Examining Figs 10.6 and 10.7, it is apparent that the most frequent abnor­mal events are likely to have zero health consequences to the public. However, these events can be very expensive to the operating organization, because they often result in power decreases or reactor shutdown. (Most of the electricity production cost arises from debt retirement of the plant capital cost; operating costs are a relatively small part of the total.) Plant management has a very strong motivation toward reduction of these minor malfunctions. Obviously, this reality exerts a strong positive effect on overall plant safety motivation. The mid-frequency range of malfunctions also exerts a strong positive influence on plant safety — there is a possibility that such accidents might result in some damage to the plant, or at least may lead to extended outage time for inspection, repairs or plant modifications. This is the frequency range in which probabilistic safety analysis is most effective, as we will see in Section 10.4.

The ‘disaster range’ of accident events shown in Fig. 10.6 is the range that concerns safety regulatory agencies the most; it is the range in which the reactor accident might lead to human fatality. In common practice, this is the frequency range (~10-4 per year and lower) over which the special safety systems provide the primary defence against health consequences. In US practice, this range is identified as the ‘severe accident’ range, which includes at least some degree of reactor core disruption.

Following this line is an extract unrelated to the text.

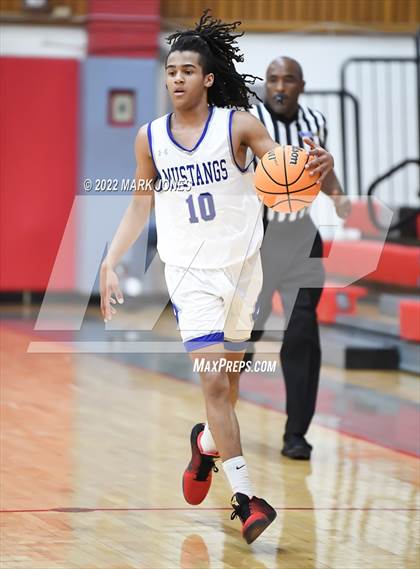 Thumbnail 1 in Cesar Chavez vs. Dobson (Phoenix Union High Classic) photogallery.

In the early history of the nuclear industry, this disaster range received an undue amount of attention on the part of designers and regulators. The reason was that accident models were very simple and extremely conserva­tive, so that the predicted consequences were correspondingly large. During the past several years, more exact and realistic predictions of consequences have been made, and so the predicted consequences have become much smaller. Nevertheless, regulatory agencies have tended to continue applica­tion of the very rigid and conservative acceptance criteria that were devel­oped during the time when analysis models were crude and overly conservative. The nuclear reactor safety field is now in transition toward more realistic modeling. It is expected that these plants will eventually be proven to be considerably safer in terms of human health than they were originally thought to be.

In the end, then, the question of whether or not nuclear energy will be installed on the very large scale needed to replace today’s energy supply from oil, natural gas and coal will probably be determined by a balance of fear — between fear of the technology and the fear of falling short of the high level of supply required to maintain the people of the world in good health and spirit.